Only the tail of the listing is wanted: the line containing "新手种什么好?这三种植物皮实" and all after it, repeated exactly, pictures omitted.

^^^^

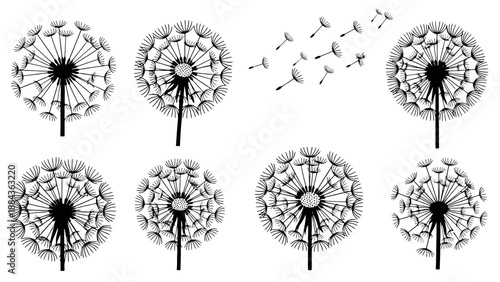 Collection of black and white illustrations of dandelions in various stages of bloom and seed dispersal against a white background.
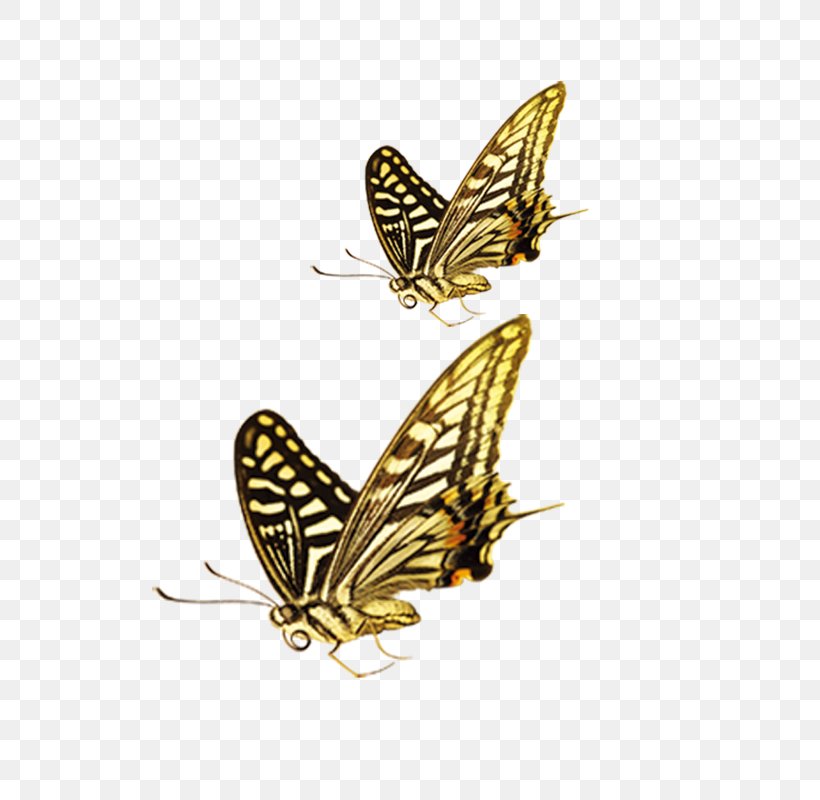 Butterfly Green Yellow Computer File, PNG, 800x800px, Butterfly, Butterflies And Moths, Gratis, Green, Insect Download Free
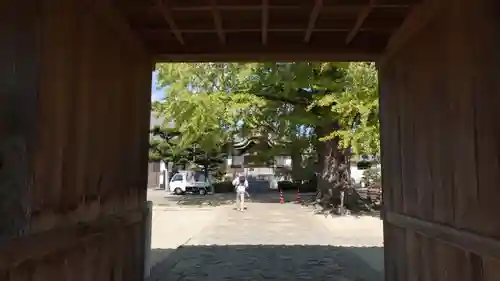 地蔵寺(徳島県)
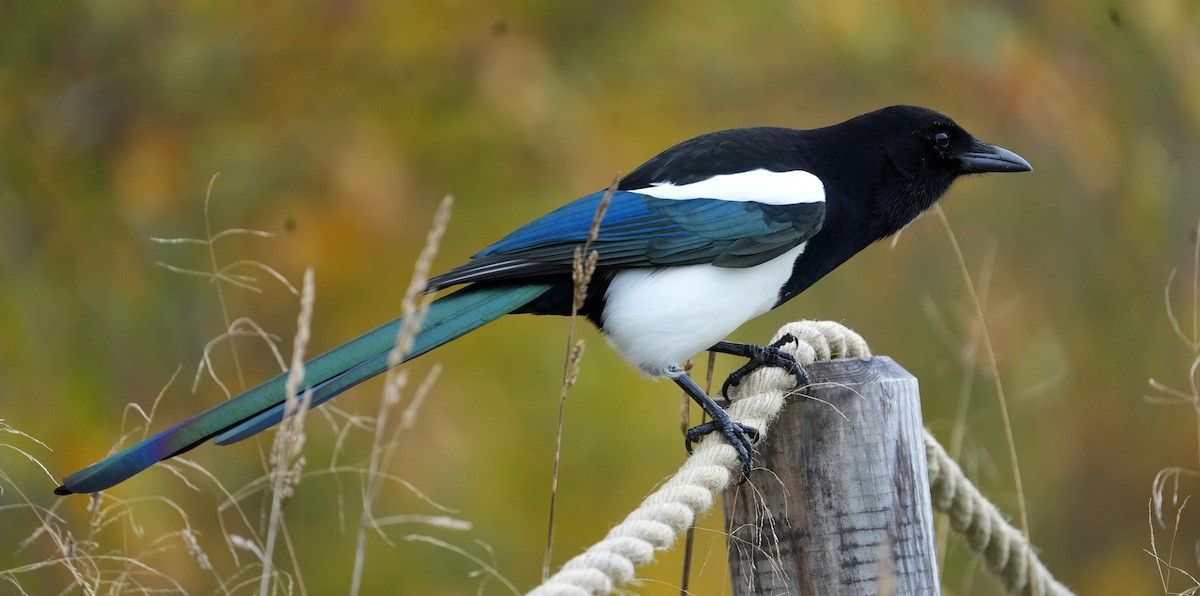 Eurasian Magpie - ML644275252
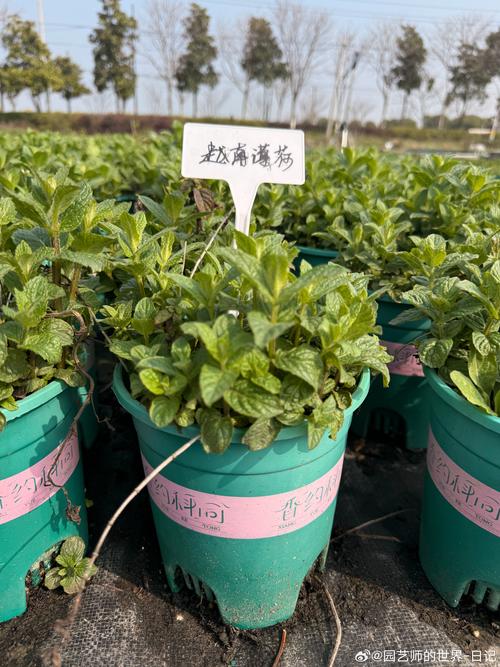 新手种什么好?这三种植物皮实好养,附完整种植指南 一、三种好种植植物的推荐理由与种植要点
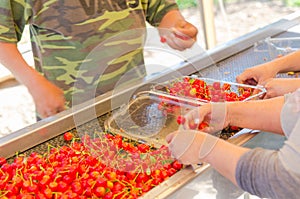 Package sweet cherries into plastic box container on conveyor belt line at cherry orchards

^^^^

**ANSWER FOR THE TASK:**
 新手种什么好?这三种植物皮实好养,附完整种植指南 一、三种好种植植物的推荐理由与种植要点
 Package sweet cherries into plastic box container on conveyor belt line at cherry orchards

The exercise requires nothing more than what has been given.